A year or so afterwards, the relaunch under Mohamed Fayed of the second incarnation of Punch was widely reported and I remember BBC Radio Leeds claiming it was good for comedy fans after the demise of Deadpan and Comedy Review. But this wasn't quite so. Punch was satirical, swiping at society (and as this was under Fayed, swiping at Private Eye too, incessantly and boringly so) where as Deadpan certainly wasn't there to mock the world, but merely to examine and evaulate what made us laugh. If Punch made you laugh (I read a couple of issues, and only the column by Jerry Hayes did I find faintly amusing), then it could be classed as a comedy magazine, but it wasn't a magazine about comedy. It was also relaunched purely as a publicity toy for Fayed to get his pops back at the Eye, advertise Harrods to extraordinary lengths, and little else. It was bobbins.

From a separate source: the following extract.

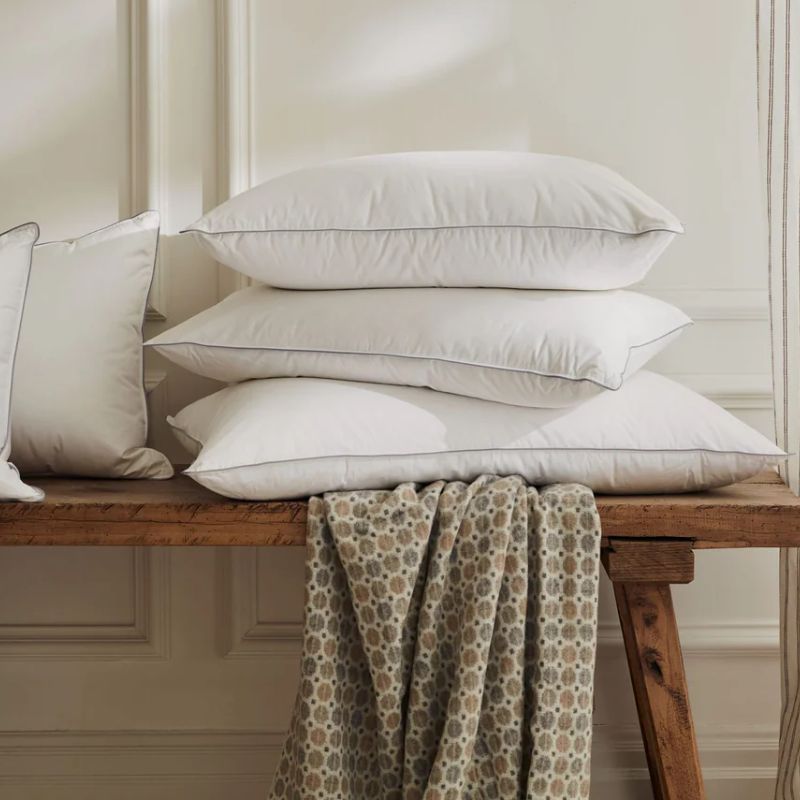 scooms pillow for side sleepers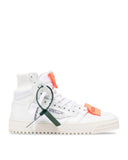 Sneakers OFF WHITE, Off Court 3.0 High Top White, Tag Verde FOR HIM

After Deadpan, the "new lad" stuff got its claws in, and FHM, Maxim and Loaded all took their places on the shelf. I read FHM for a while as I remained single and in my 20s, but grew out of it quite quickly. My magazines of choice now are about football only (football played in designated stadia, and not in cramped West Yorkshire kitchens, I should clarify). But take me back to 1994 and you will find my favourite ever organ, which was briefly great and greatly brief.

There's only one photo of it on the internet that I can find, courtesy of Richard Herring's website. He and Stewart Lee were columnists. Brings a tear to my eye, this - might have to go kick a ball around the kitchen to celebrate.

1 comment:

Clair said...

I used to write for Comedy Review, it was great. I also pitched an idea for a light-hearted mag to a major publisher, the head honcho of whom was clearly not amused. 'It's like a car that's going nowhwere,' he said, bemused, to which I replied 'No, it's like a clown car. The wheels do pop off, but it's funny'.

No development deal was forthcoming.